Als spezialisierte Fachstelle beraten wir Sexarbeiter*innen im Kanton Bern und stellen unser Fachwissen Etablissement-Betreibenden, Behörden, Medien, Politiker*innen und anderen Interessierten zur Verfügung.

Die Arbeit der Fachstelle umfasst weiter die aufsuchende Sozialarbeit.


Unseren neusten Jahresbericht (deutsch) finden Sie hier.

Das Leitbild von XENIA können Sie hier herunterladen: Leitbild


Die Fachstelle ist als Verein organisiert und hat einen ehrenamtlichen Vereinsvorstand. Informationen zum Verein, den Vorstandsmitgliedern und zu einer Mitgliedschaft finden Sie in der Rubrik «der Verein XENIA».

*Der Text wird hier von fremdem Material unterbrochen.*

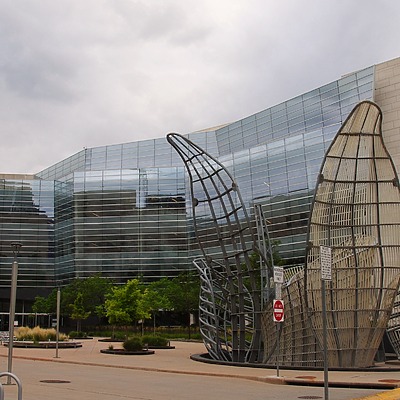 Lindsey-Flanigan Courthouse by Brian LoBue
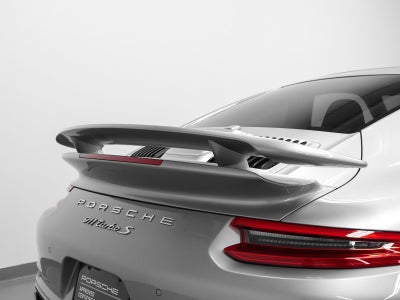2017 Porsche 911 Turbo S
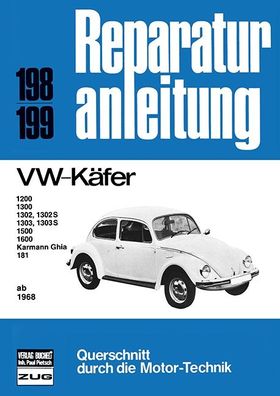 VW K?fer ab 1968,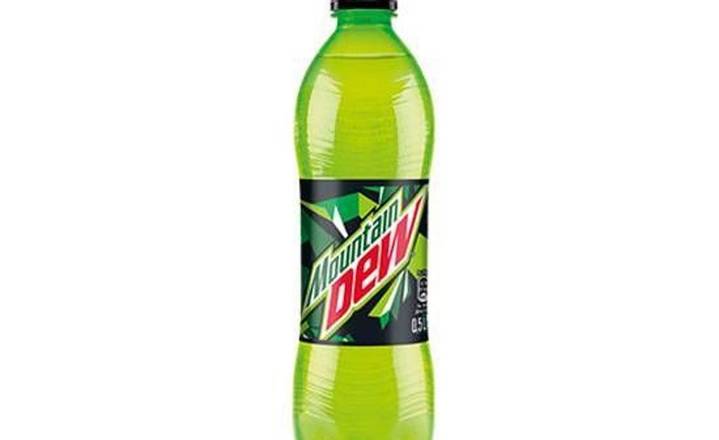 Mountain Dew Einweg 0,5L (exkl. 0,25€ Pfand)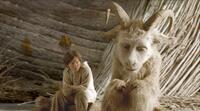 Max Records as Max and Paul Dano as Alexander in "Where the Wild Things Are."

XENIA verfügt über einen Leistungsvertrag mit dem Kanton Bern.

Fachstelle

Die Fachstelle

Das vierköpfige Team der spezialisierten Fachstelle berät Sexarbeiter*innen, Behörden und Betreiber*innen und informiert Medien und andere Interessierte in Fragen rund um das Sexgewerbe. Gesundheit, Schuldensanierung, Psychosoziale Beratung, Weitervermittlung an Ärzt*innen und Jurist*innen oder auch Steuerberatung sind Themen, welche die Beraterinnen mit den Sexarbeiter*innen angehen. Die Arbeit der Beratungsstelle umfasst weiter die aufsuchende Sozialarbeit: Damit wird XENIA im Sexgewerbe bekannt gemacht, erste Kontakte werden hergestellt und eine Vertrauensbasis geschaffen. Die Beraterinnen bzw. Mediatorinnen lernen so die Arbeitssituation der Sexarbeiter*innen kennen und können auch Kontakt mit den Betreiber*innen herstellen.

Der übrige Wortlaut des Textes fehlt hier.